As also shown in <FIG>, in the "Student" view <NUM>, which may operate on a hardware device controlled or operated by a local student, the camera <NUM> may pass a camera-generated image to the AR toolkit <NUM>. The AR toolkit <NUM> may then pass the camera image and generated AR coordinates to the renderer <NUM>. The 3D renderer <NUM> may receive the serialized combined data from the 3D renderer <NUM> by way of the network <NUM>. The 3D renderer <NUM> may then updates positions and existence of 3D objects for presentation in the "Student" view.

In one or more embodiments, an XML schema (or any other suitable data structure) may be used to store, retrieve, or otherwise process data for a scene, or expected set of elements. When these elements are located in the local user's view, such as the "Local user / Field service" view <NUM> of Remote AR or the "Student" view <NUM> of Instruct AR, a preset sequence of AR events may be displayed based upon instructions stored in the XML data.
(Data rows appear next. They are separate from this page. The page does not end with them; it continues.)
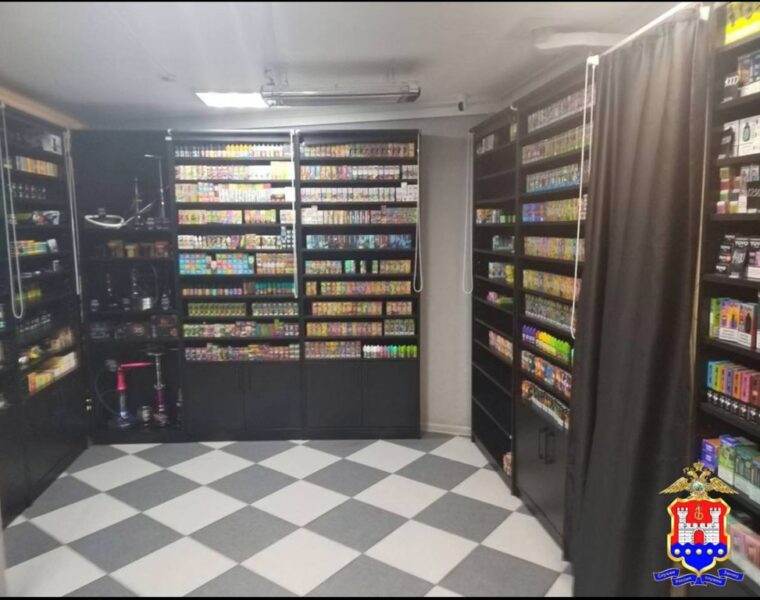 Вейпы без маркировки на&nbsp;800 тысяч: полиция накрыла точку в&nbsp;Черняховске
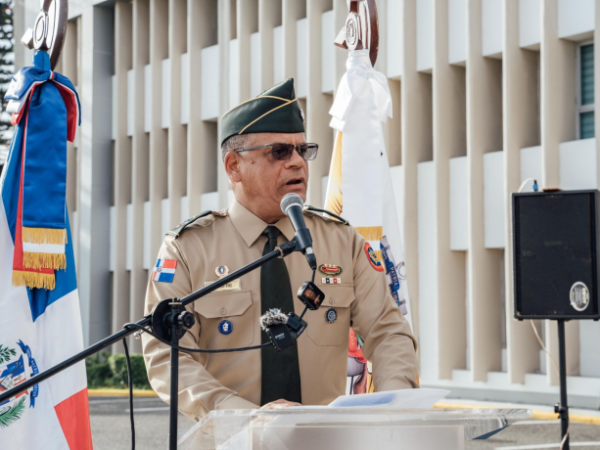 Ministro de Defensa reitera compromiso de fortalecer las instituciones militares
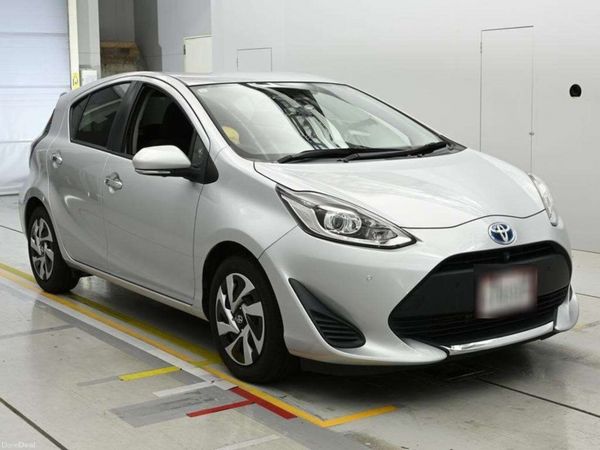 Toyota Aqua Hatchback, Petrol Hybrid, 2020, Silver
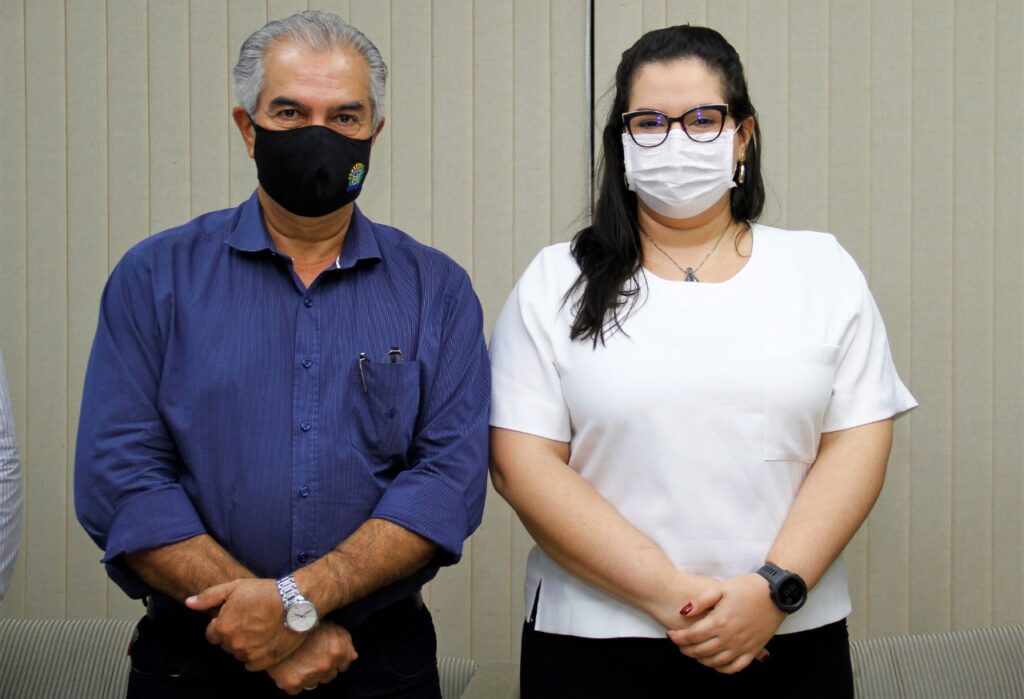 governador-reinaldo-azambuja-e-prefeita-rhaiza-matos-foto-saul-schram-governo-do-estado-de-mato-grosso-do-sul-1024x699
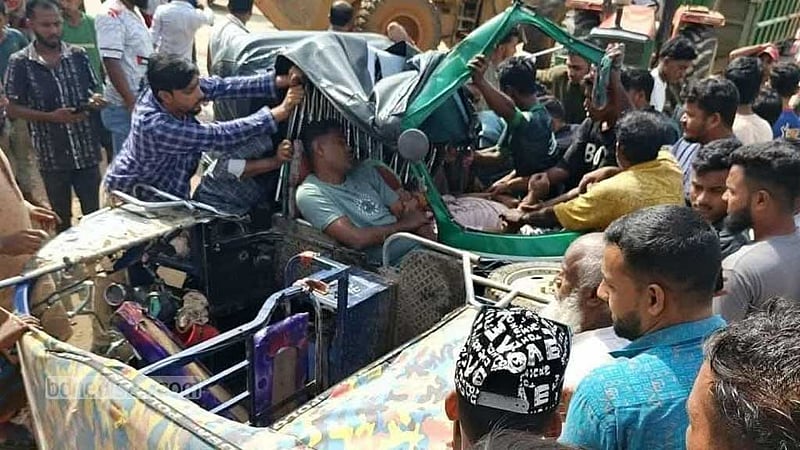 সিলেটে পাথরবাহী ট্রাক্টরের চাপায় পর্যটকের মৃত্যু, আহত ৫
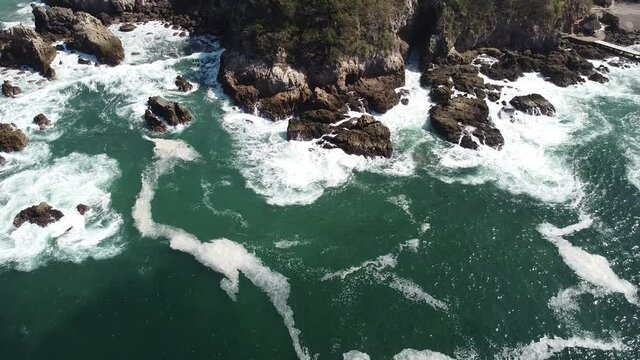 Toma aerea de playa careyitos en careyes, jalisco, mexico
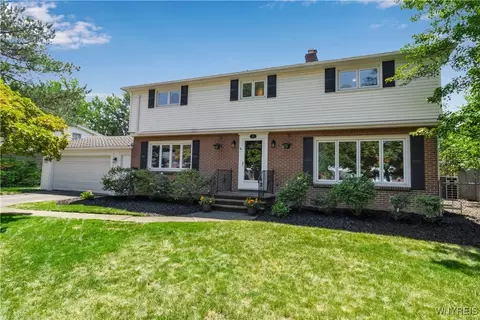 21 Tee Ct, Amherst, NY 14221
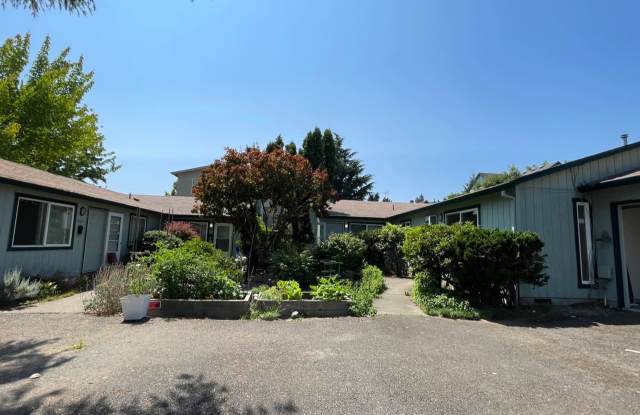 Charming Three Bedroom Near S. Waterfront  Macadam Ave~ Updates Throughout~ W/D Included ~ Detached Garage - 532 South Dakota Street, Portland, OR 97239
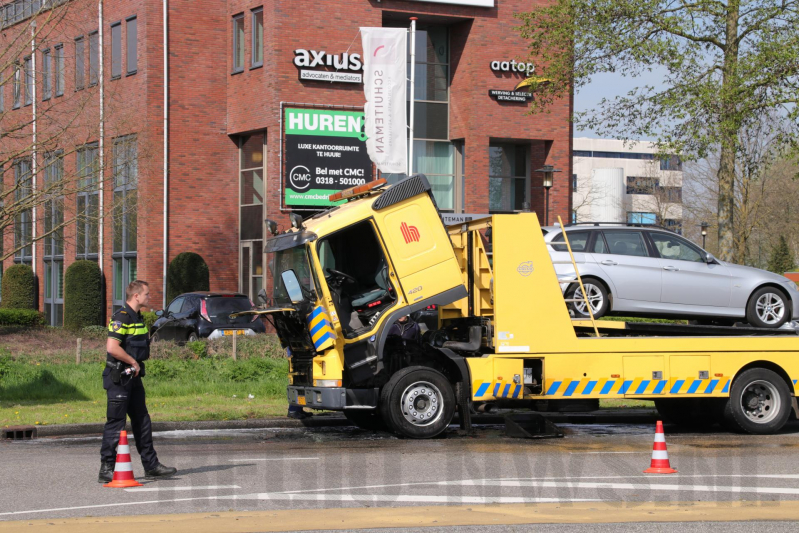 Bergingsvoertuig vat vlam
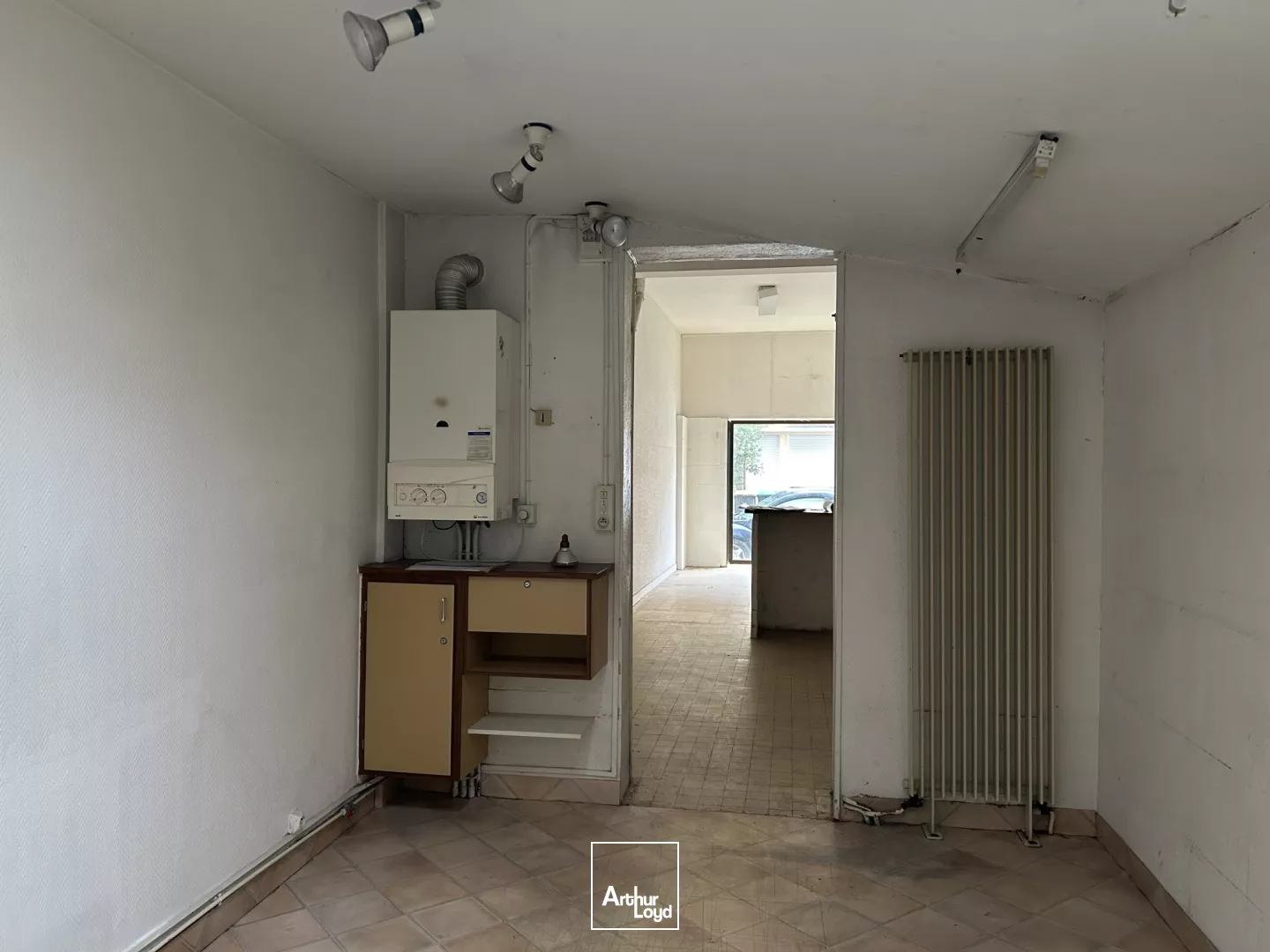 A LOUER - 100 M2 - LOCAL COMMERCIAL -SAINT NAZAIRE - CENTRE VILLE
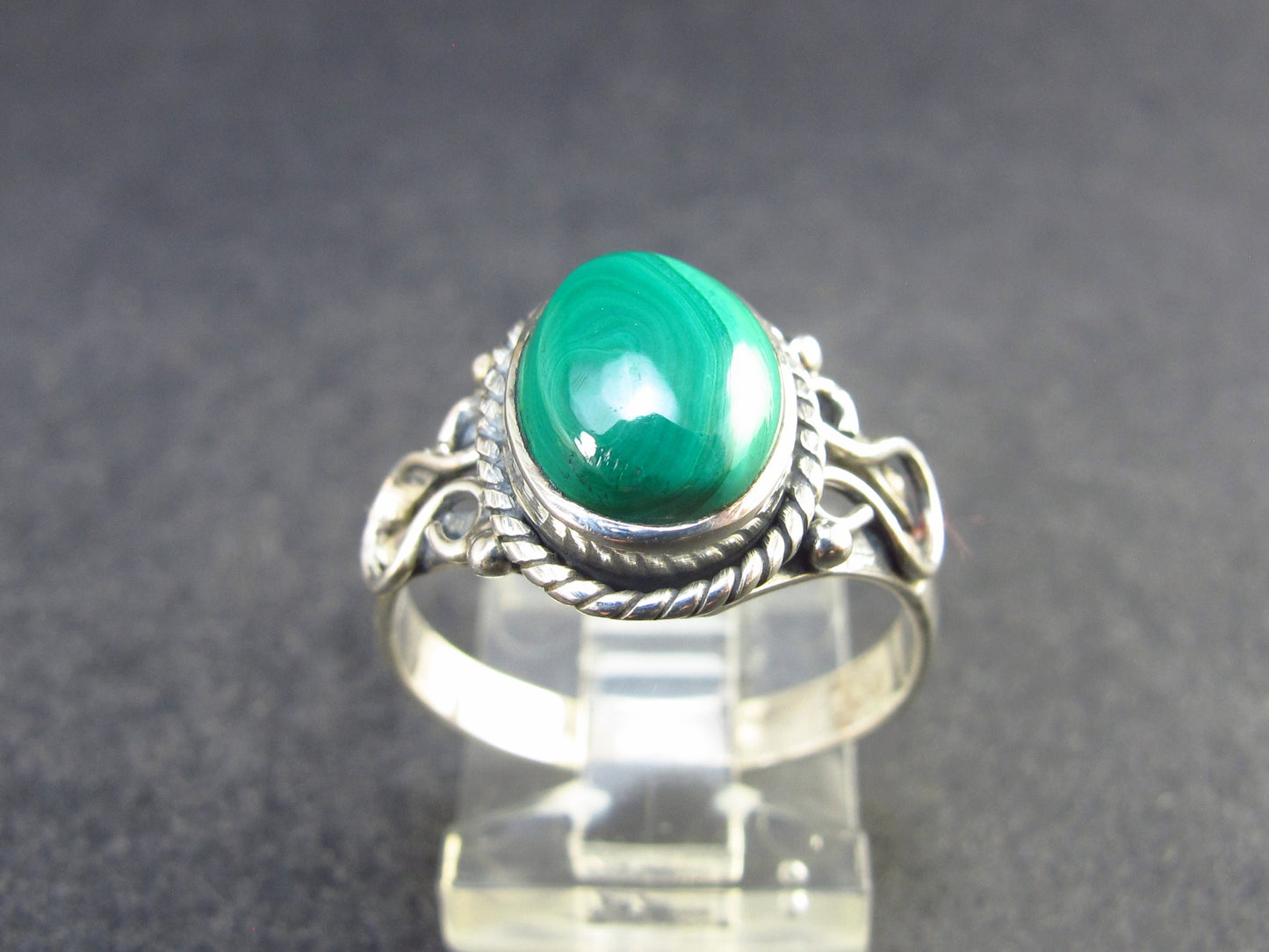 Malachite Cabochon Silver Ring - 3.48 Grams - Size 8.5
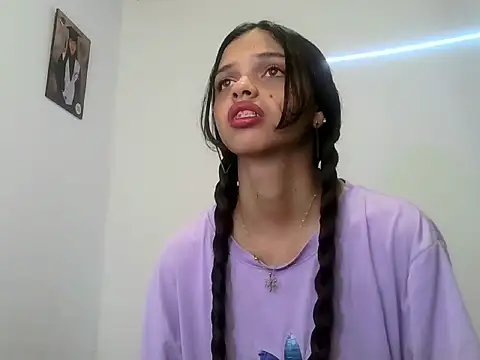 Snapshot of lucy_babyy chatting on October 13, 7:47 pm lucy babyy online show from October 13, 7:47 pm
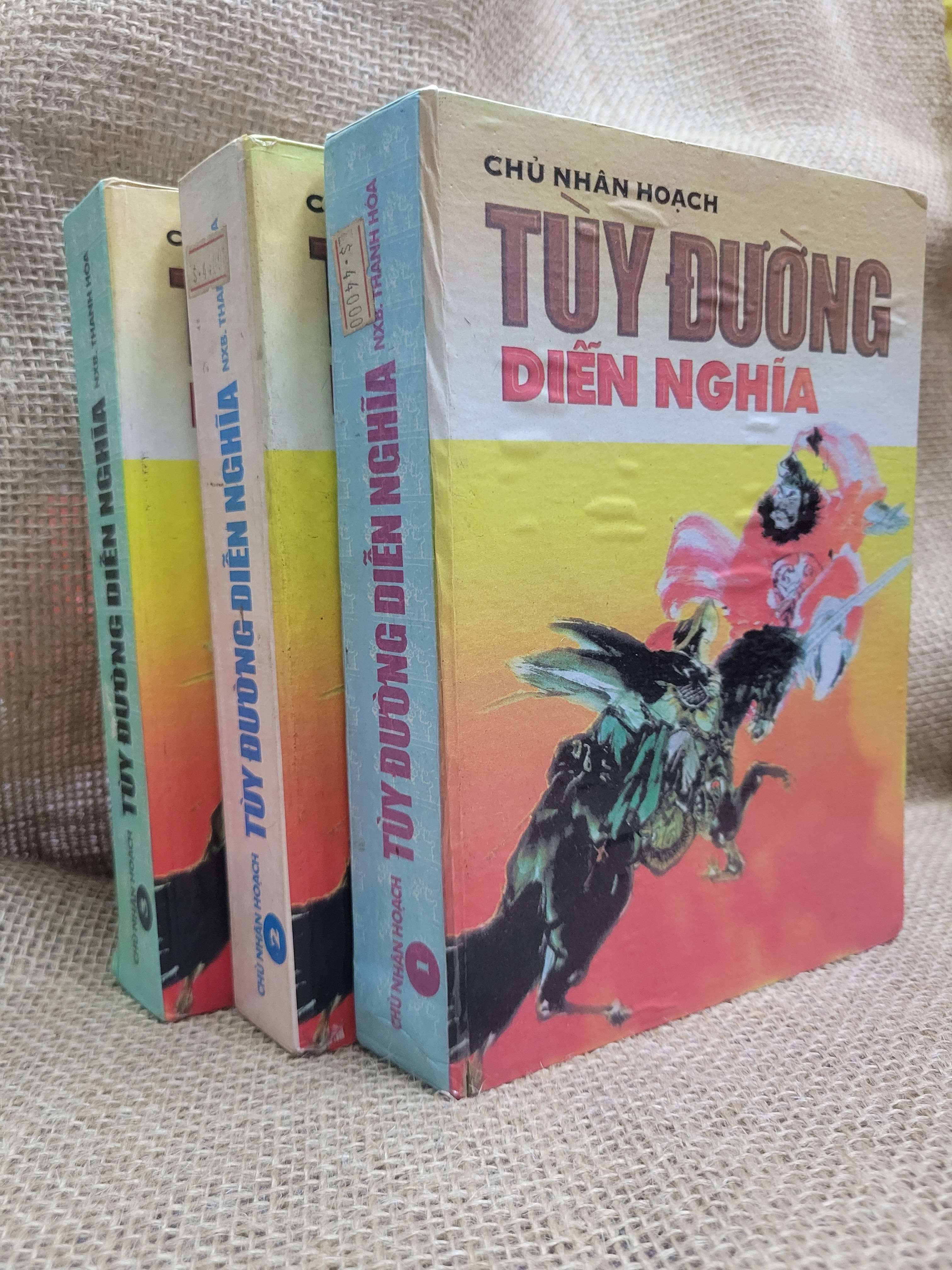 3 cuốn Tùy đường diễn nghĩa - Chủ Nhân Hoạch bìa cứng 1998 mới 70% bẩn bìa, ố, bung gáy, bung trang (Sách văn học) HCM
For example, an AR sequence for disassembling an electric motor could be stored in such XML data. When the motor is identified in the local user's view, the sequence then may be overlaid and initiated, displaying as described in the XML data.

Information from the Scope SDK may be deployed across a variety of devices, including, for example, tablets, desktop computers, phones, and smart glasses, etc. This information may contain details on how to perform one or more steps in a procedure. Moving from step to step may be achieved in a variety of ways - for example, via a simple interface such as buttons; voice control with simple commands such as "next" or "back", or in the case of a branched workflow via speaking choices listed as commands; gesture recognition whereby a camera may be used to detect hand signals or other gestures; or computer vision techniques that may be able analyze the image to detect real-time state changes. The latter may include detecting that a part was successfully removed, or for example, that a part shows signs of rust damage. Alternatively, such detection may include data events, such as gathering data from a real-time data provider, or internet of things integration to detect changes in state, such as temperature, pressure, etc. With this detection algorithm, it may be possible to guide a worker through repair procedures without extensive training.

According to embodiments of the present disclosure, the system may be constantly monitoring for state changes, and may generate events for specified state changes. In the authoring platform discussed below, a user may create a decision branch tree or link mechanism, and the decision or link may be associated with such an event. Such a mechanism may be associated with a step in a defined AR interaction. For example, the user may create a step that would force the system to check state, or respond to a state change by moving to another step.

Thus, according to embodiments of the present disclosure, a workflow could be designed to detect deviations in expected values in the field. For example, on a certain step after a workflow was completed, a pressure sensor may expect a certain range of values, and if a detected value were outside of this range of values, a warning could be triggered, and could modify the workflow to force the user to remedy the problem associated with the pressure sensor.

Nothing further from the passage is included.